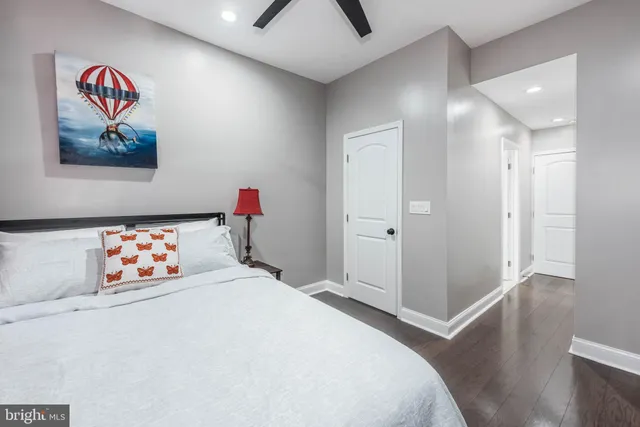 $2,599 | 1007 West Fayette Street, Baltimore, MD 21223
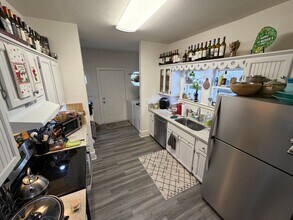 1616 Ferris Ave in Orlando, FL - Building Photo - Building Photo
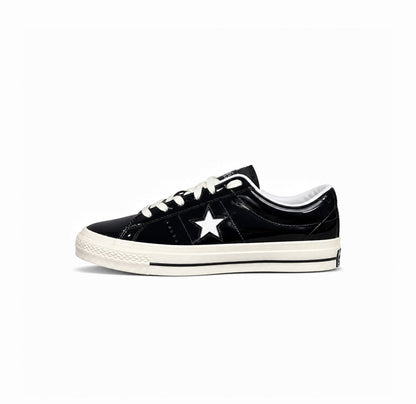 CONVERSE ONE STAR 95 PARENT J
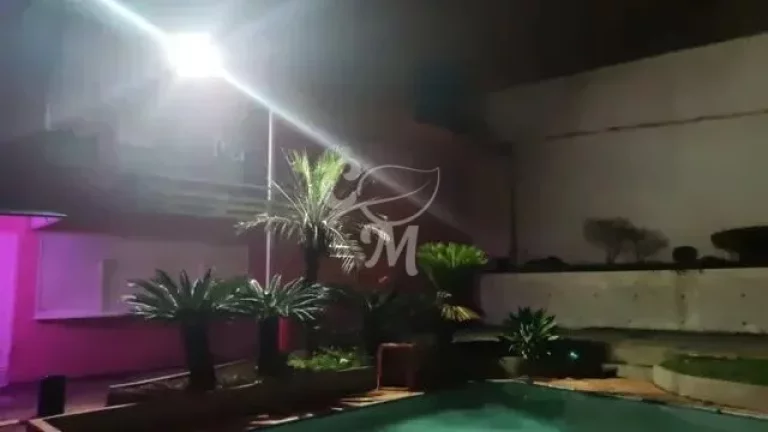 Imagem Imóvel Comercial para Venda/Locação, Vila Nova Jundiaí, Jundiaí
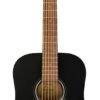 71-bzXBXOJL._AC_SL1500_-1 Fender FA-15 3/4-Scale Kids Steel String Acoustic Guitar review for Beginners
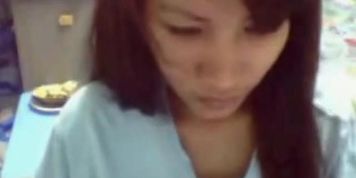 filipina pinay nag hubad sa camera
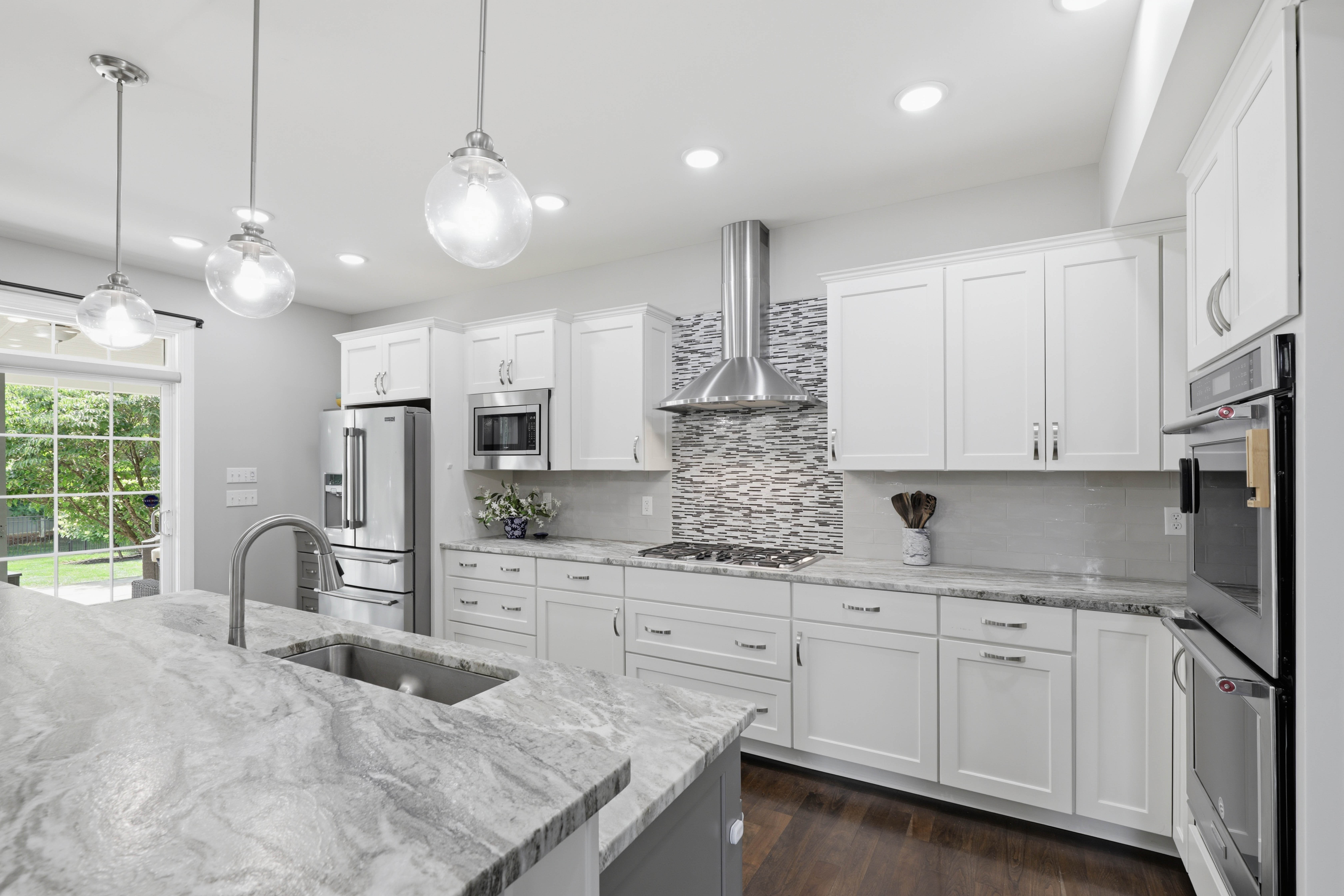  1146 S Bristol Drive, Lititz, PA - 物件實景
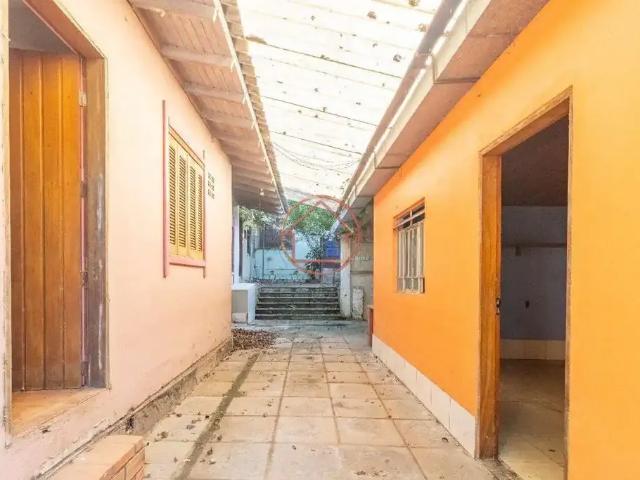 Casa venda em Morro Santana, Porto Alegre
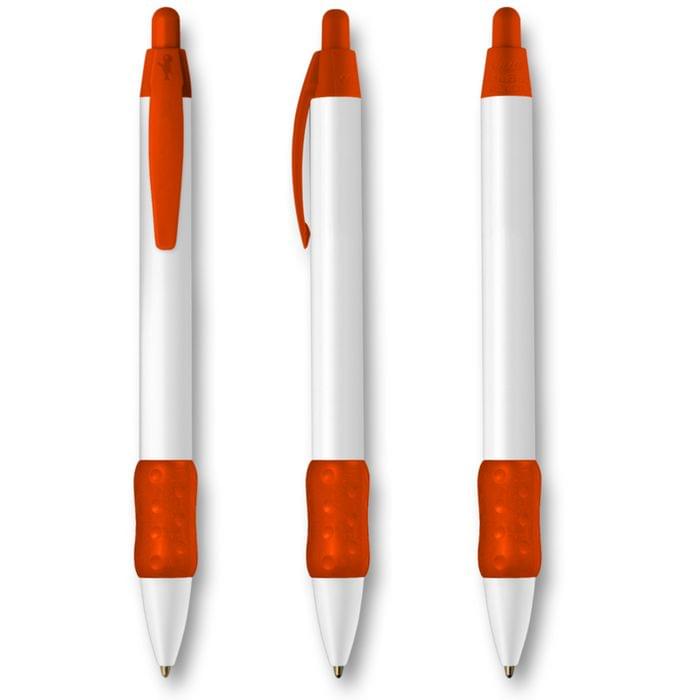 Digital WideBody&reg; Color Grip Pen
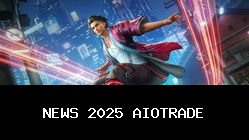 Kode Redeem FF 26 Agustus 2025: Klaim Item Gratis Sebelum Kedaluwarsa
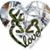 Colleen Brown Hatton's profile image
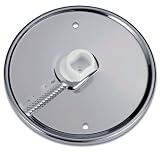 Kitchen & Housewares : KitchenAid 5KFP7JU julienne disc for KitchenAid food processor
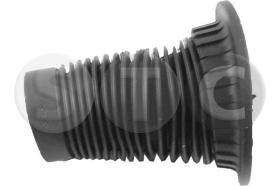 STC T440543 - CAPUCHON AMORTIGUADOR LAND ROVER FREELANDER I TRAS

--- --- ---

# THE TASK
Exercise for the records above: copy only the lines from the one with "1146 S Bristol Drive, Lititz, PA - 物件實景" to the one with "Colleen Brown Hatton's profile image", both ends kept, and drop the pictures.

# FINISHED TASK
  1146 S Bristol Drive, Lititz, PA - 物件實景
 Casa venda em Morro Santana, Porto Alegre
 Digital WideBody&reg; Color Grip Pen
 Kode Redeem FF 26 Agustus 2025: Klaim Item Gratis Sebelum Kedaluwarsa
 Colleen Brown Hatton's profile image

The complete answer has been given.